One final issue remains. These children have been adopted by their stepfather, or so the briefs advise us. Under Mitchell v. John Doe, 41 Wn. App. 846, 706 P.2d 1100 (1985), and Bond v. Yount, 47 Wn. App. 181, 734 P.2d 39 (1987), adoption—by strangers or relatives—terminates standing to petition for visitation. These holdings are premised on a privacy rationale:
There is no policy stronger or more consistently followed in this state than that protecting the sanctity and privacy of *144adoptions. When an adoption has become final, previous ties to natural parents are completely severed and a wholly new relationship is created. The confidentiality of the new, as well as the defunct, relationship becomes virtually inviolate. The legislative policy concerning this transformation is reflected not only in the adoption statute, but in the probate code as well. This policy has been affirmed consistently by the courts. "The legislative policy of providing a 'clean slate’ to the adopted child permeates our scheme of adoption.” The strength of this policy is illustrated by the reaction of our courts to the latter day attempt, buttressed by a wealth of arguments, to strip the mantle of confidentiality from adoption records. That attempt has been firmly rejected.
Mitchell, 41 Wn.
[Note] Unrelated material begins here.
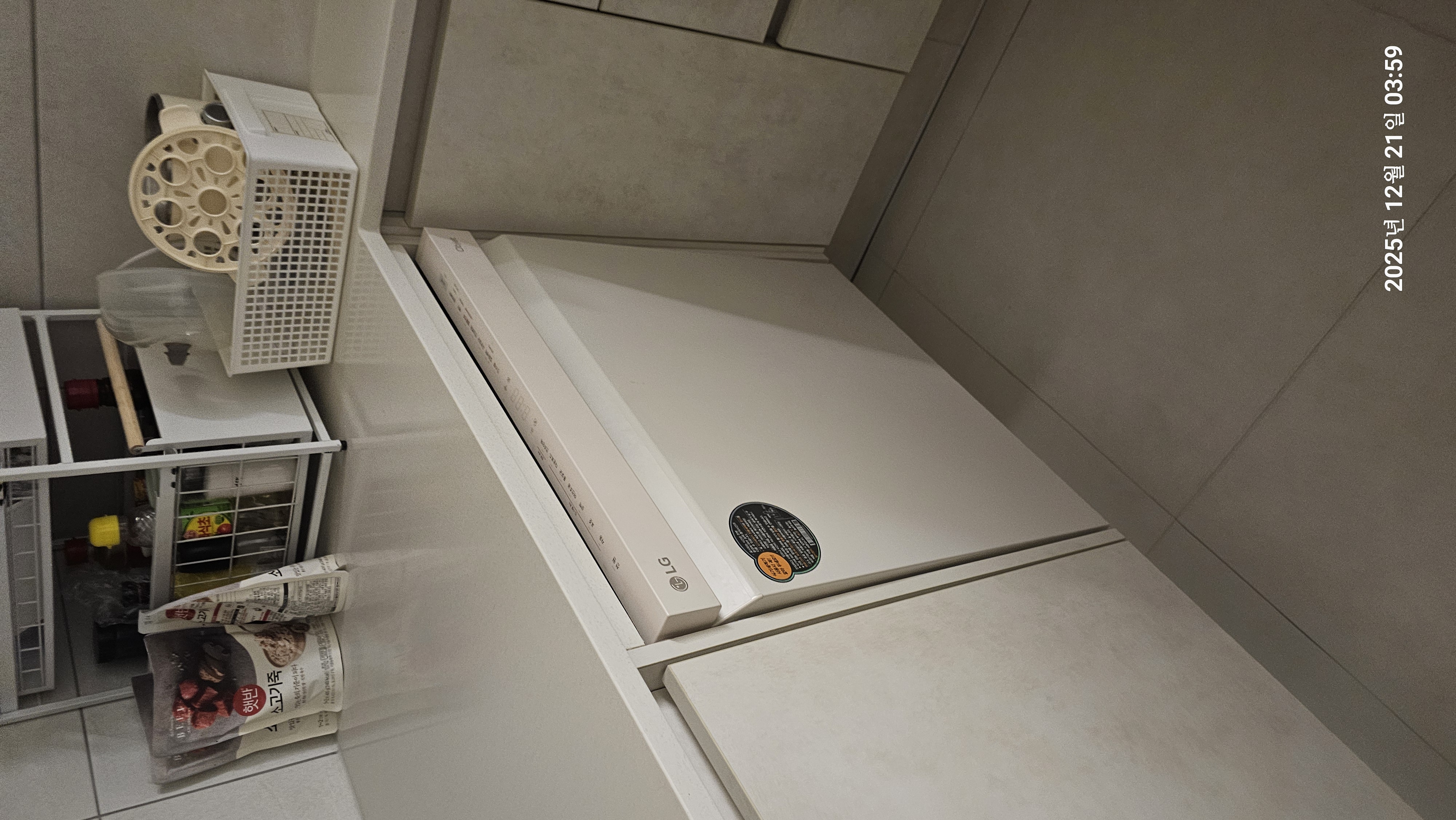 벽난로는 없지만 따뜻해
App. at 849-50 (citations and footnote omitted) (quoting In re Estates of Donnelly, 81 Wn.2d 430, 437, 502 P.2d 1163, 60 A.L.R.3d 620 (1972)).
Not only has the legislative concern for privacy lessened somewhat since Mitchell,23 the rationale is inapplicable here in any event. Where a stepparent adopts, ties to one natural parent remain intact, and virtually no confidentiality concerns exist. I would therefore be cautious about applying the Mitchell rationale to these facts. Nor have the parties fully briefed the issues. I thus would not hold standing terminated upon the adoption.
In sum, I would remand. I therefore dissent.
Review granted at 133 Wn.2d 1028 (1998).

The allegation required is that the child has no fit parent, or placement with an otherwise fit parent would be detrimental to the child. See Custody of Stell, 56 Wn. App. 356, 365, 783 P.2d 615 (1989).

These issues are frequent topics in the current legal literature. See e.g., Joan C. Bohl, The "Unprecedented Intrusion”: A Survey and Analysis of Selected Grandparent Visitation Cases, 49 Okla. L. Rev. 29 (1996).
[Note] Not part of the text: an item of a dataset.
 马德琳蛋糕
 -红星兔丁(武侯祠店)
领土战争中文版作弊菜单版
As to the issue of constitutionality of nonparent visitation, I assume for purposes of this dissent the constitutionality of the present statute and expect to maintain that conclusion in the future, but proper analysis of those issues awaits their presentation on more extensive briefing than was submitted here.

It follows that I must respectfully disagree with the opinion reaching the same result in In re Visitation of Justin Ross Wolcott, 85 Wn. App. 468, 933 P.2d 1066 (1997).

See RCW 26.33.295 (authorizing open adoption agreements) and RCW 26.33.343 (authorizing limited searches for birthparents of an adopted child).